PR – De que forma essas relações econômicas podem acontecer?



Prof. Jorge Arbache – As relações econômicas com o resto do mundo podem acontecer basicamente através do aumento das importações e exportações, aumento dos investimentos de estrangeiros no Brasil e vice-versa, e aumento do fluxo de serviços e pessoas, como é o caso do turismo. Quanto mais aberta é uma economia, maiores são as oportunidades de ela se beneficiar da economia mundial.



PR – Qual a sua visão sobre o investimento estrangeiro no setor turístico do país?



Prof. Jorge Arbache – É positiva, em principio. No entanto, a experiência de outros paises em desenvolvimento mostra que quanto maior a participação de empresas estrangeiras na cadeia da atividade turística, menor a parcela que de fato fica no país. Tem casos, como os de alguns países africanos e da América Central, em que menos de 10% do total despendido pelo turista é incorporado à economia. Claro, o impacto do turismo na economia local é inversamente proporcional à parcela das despesas que de fato é incorporada à economia.
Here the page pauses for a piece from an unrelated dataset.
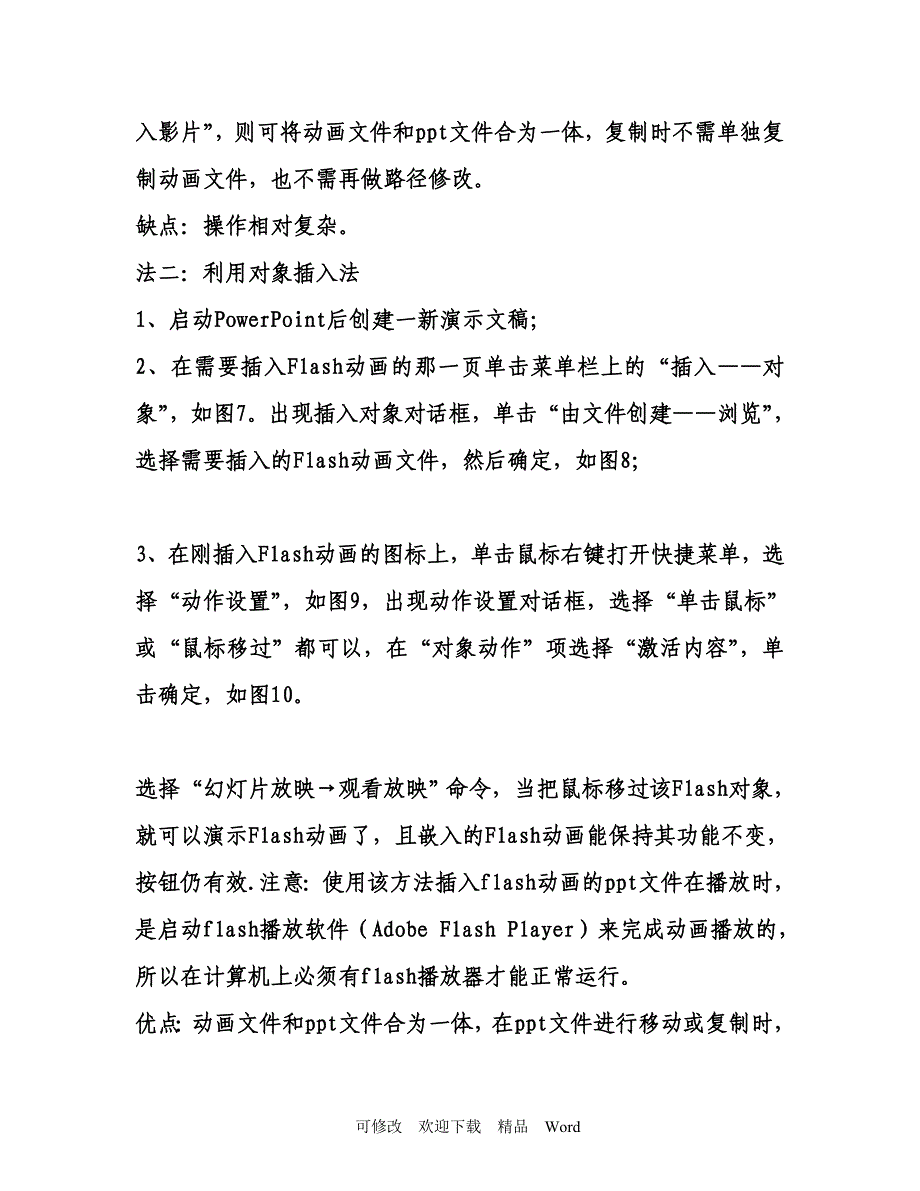 如何在PPT中插入动画、视频、音频、解说等简单方法_第3页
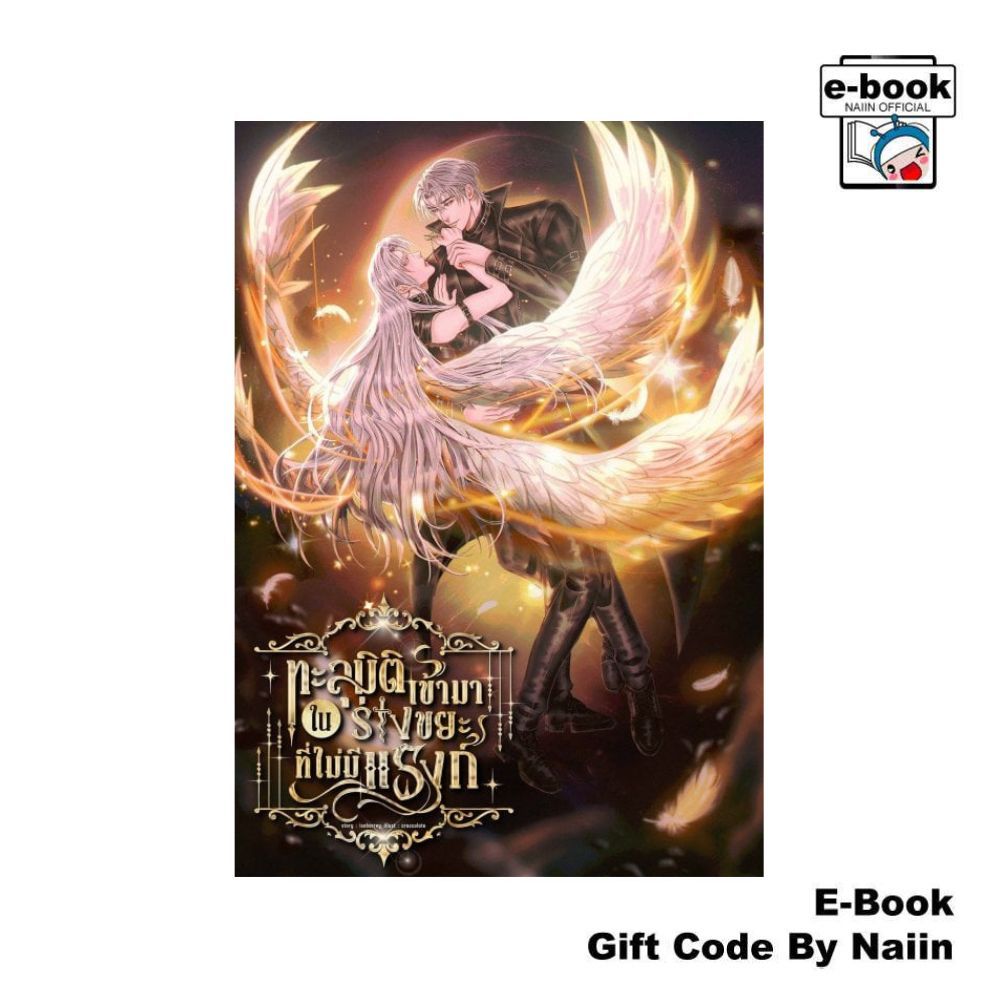 [E-Book Digital code] ทะลุมิติเข้ามาในร่างขยะที่ไม่มีแรงก์ - isabarrey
PR – Quais as dificuldades e os potenciais das atividades turísticas no Brasil?



Prof. Jorge Arbache – Os potenciais são bons, mas não se deve exagerar e assumir que o turismo é e será uma panacéia para a solução dos problemas econômicos e sociais brasileiros. O turismo representa 4,5 % da economia nacional. Não é’ pouco, mas devido à sua natureza e tamanho, não é e nem será capaz de reduzir a pobreza e a miséria, nem elevar o PIB de forma significativa. O turismo pode gerar emprego e renda, mas pode também gerar destruição ambiental e ter efeitos, às vezes, adversos sobre a cultura local e a prostituição, por exemplo. Isso requer que as autoridades estejam em alerta e desenvolvam, junto com o setor privado, planos e projetos de desenvolvimento sustentável do turismo.



PR – Como o Brasil pode desenvolver o setor turístico para aumentar sua participação no PIB nacional?



Prof. Jorge Arbache – O aumento do turismo no país requer melhoria da infraestrutura, da qualificação da força de trabalho, e aumento da renda da família brasileira. Os gastos com turismo são bastante sensíveis a renda familiar. Se aumenta a renda, aumenta, mais que proporcionalmente as despesas com turismo, e vice-versa. No que tange ao turista internacional, precisamos de melhorar a imagem do país no exterior, e dar mais e melhor suporte e segurança ao turista.